The Illex illecebrosus fishery in the northwestern Atlantic Ocean is trawl-based. I. illecebrosus normally lives less than 1 year. One option for managing such a short-lived species is the use of catch and effort data obtained from fishing vessels during the fishing season to manage the fishery in real time. Verification of the accuracy of data reports is important. Conceivably, information contained in the data stream of vessel position and time provided by a remote data logger could be used to reconstruct the vessel's activities to assess the reliability of industry reports. This study describes quantitatively the types of vessel operating activities that take place on a typical I. illecebrosus fishing trip and assesses the possibility of reconstructing these activities reliably from the simple data stream of vessel position and time. Seven activities were identified, six of which occurred commonly: steaming to and from port, searching, towing, set-up time between tows, steaming overnight and laying-to overnight. Processing the catch, as a discrete activity, occurred rarely. Each activity could be characterized in terms of its duration and distance traveled, the average vessel speed, and the tendency for vessel speed to change during the activity. Most activities were conducted in a linear manner. Accordingly, reasonable estimates of the distance and duration of these activities could be obtained simply from the knowledge of the starting and ending position and time.
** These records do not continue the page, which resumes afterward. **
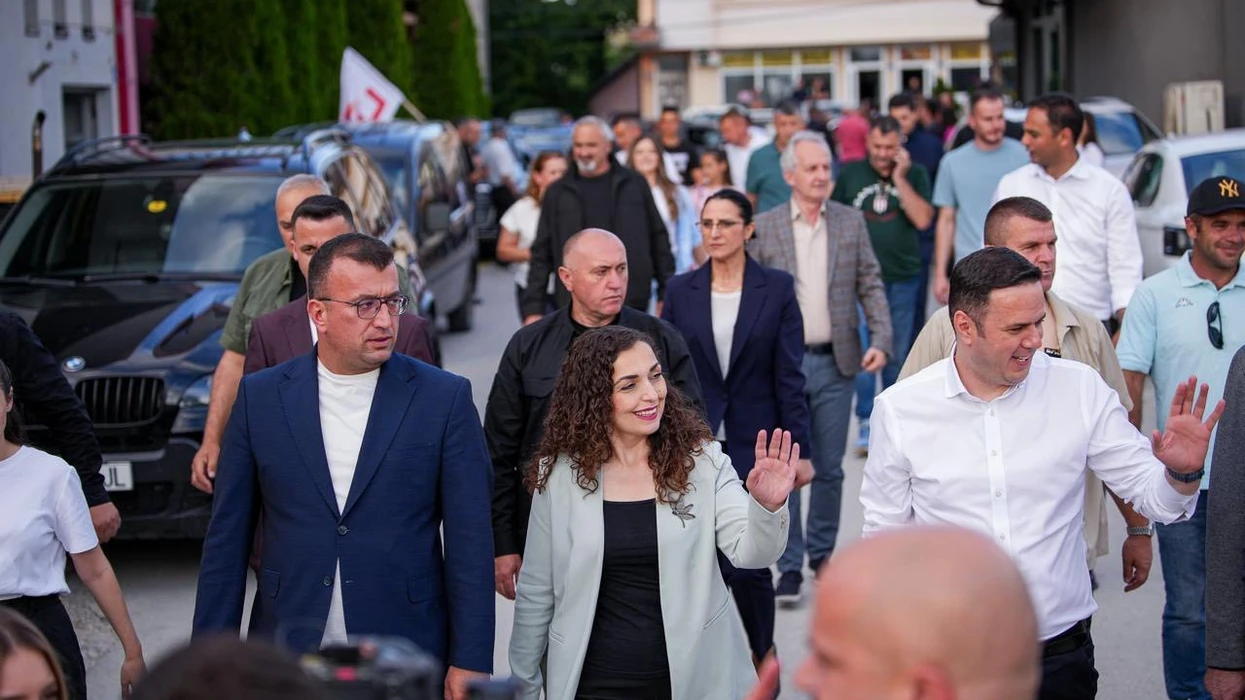 Vjosa Osmani 'ndez' Mitrovicën, Istogun, Prishtinën e Lipjanin brenda pak orësh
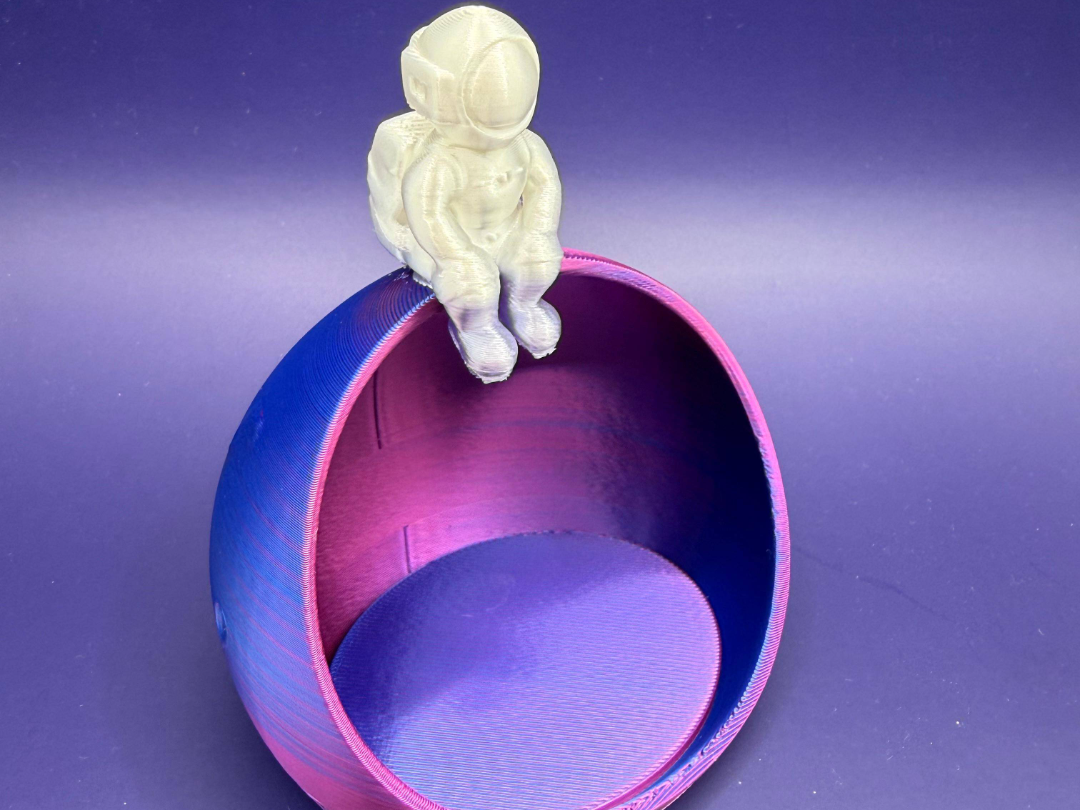 Astronout on the moon - tray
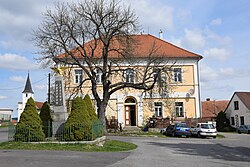 World War I memorial in the centre of Mnichov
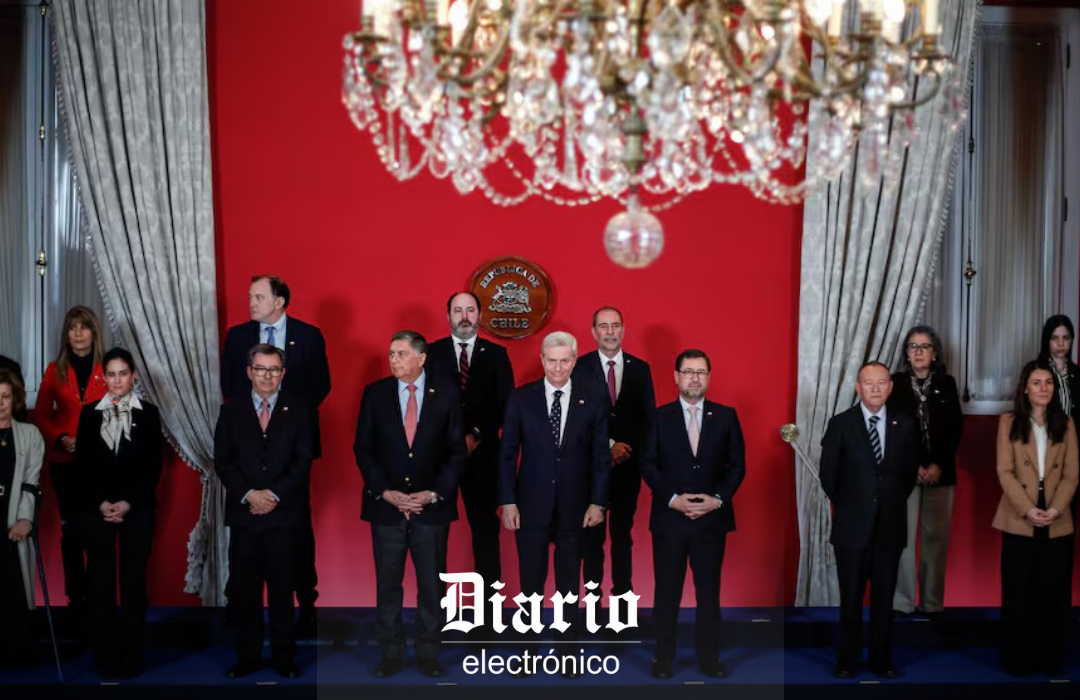 Gabinete de Kast queda compuesto por 63,6% de hombres y 36,4% de mujeres tras salida de Duco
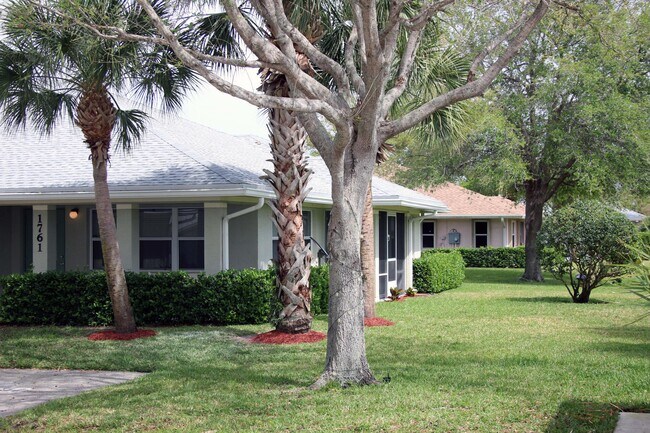 Building Photo - 1761 N Dovetail Dr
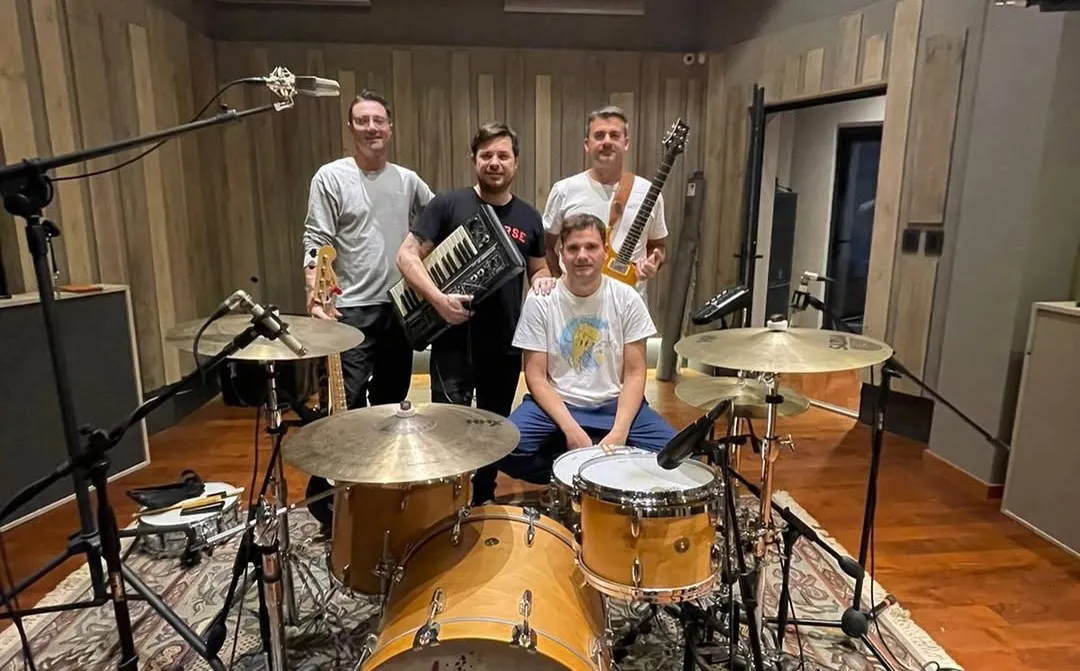Fuimos a grabar canciones nuevas a @godzila_studios  ️ @lucianoluggren @franciscopesado~2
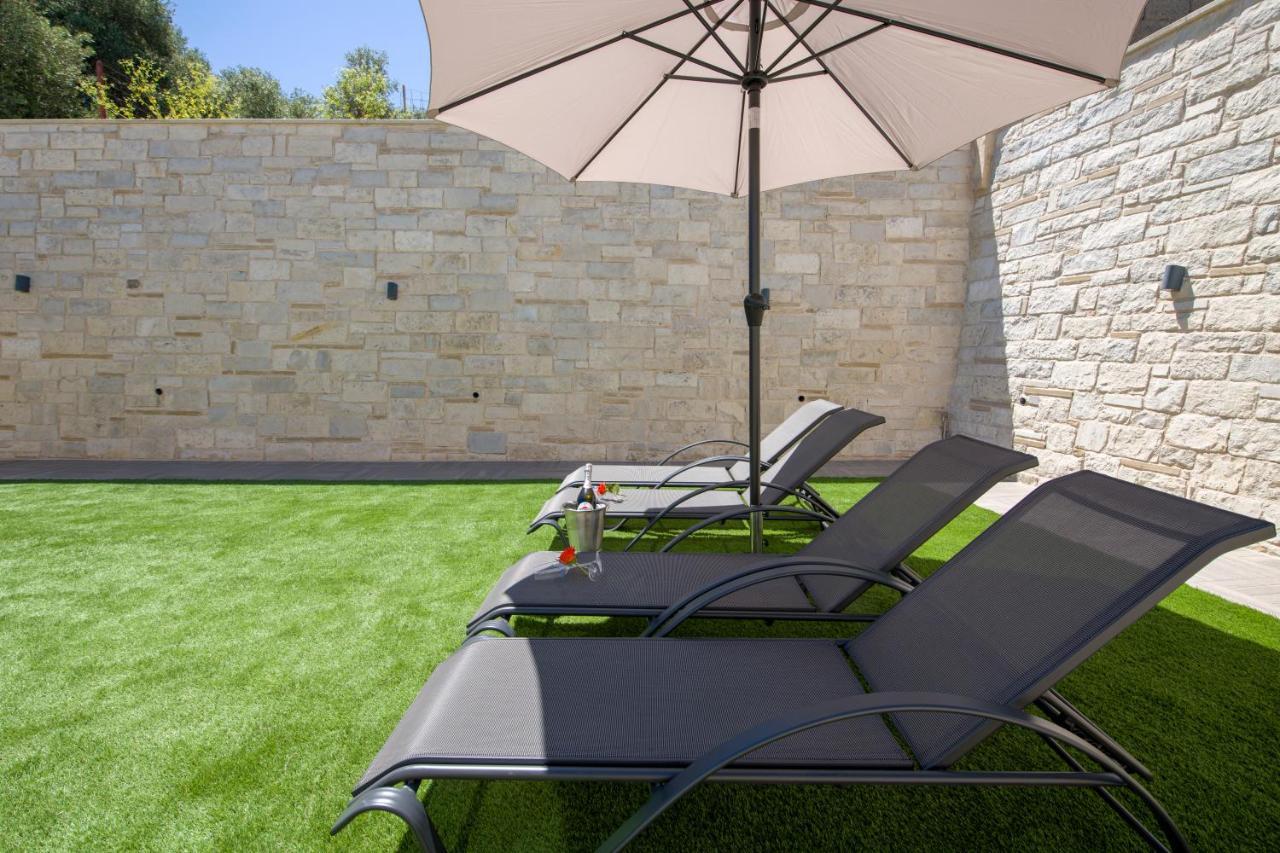 Twin'S Home Luxury Suites Alikianos Exterior photo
Analysis of search time and subsequent catch revealed that searching did not improve catch. More squid would have been caught had the vessels used this time for towing. Catch per unit effort (CPUE) can be calculated using duration or distance in the denominator. In this set of fishing trips, the two were equivalent. Catch bore a nonlinear relationship with CPUE. In particular, larger catches were associated with incrementally larger CPUEs. The uniqueness of each activity when described by its characteristic speed, duration and distance, and the consistency of these characteristics for each activity between vessels suggests that vessel behavior might be assessed remotely using a time series of position and time. Such a capability might be important in any real-time management plan where industry vessels necessarily must be depended upon for data on catch and CPUE.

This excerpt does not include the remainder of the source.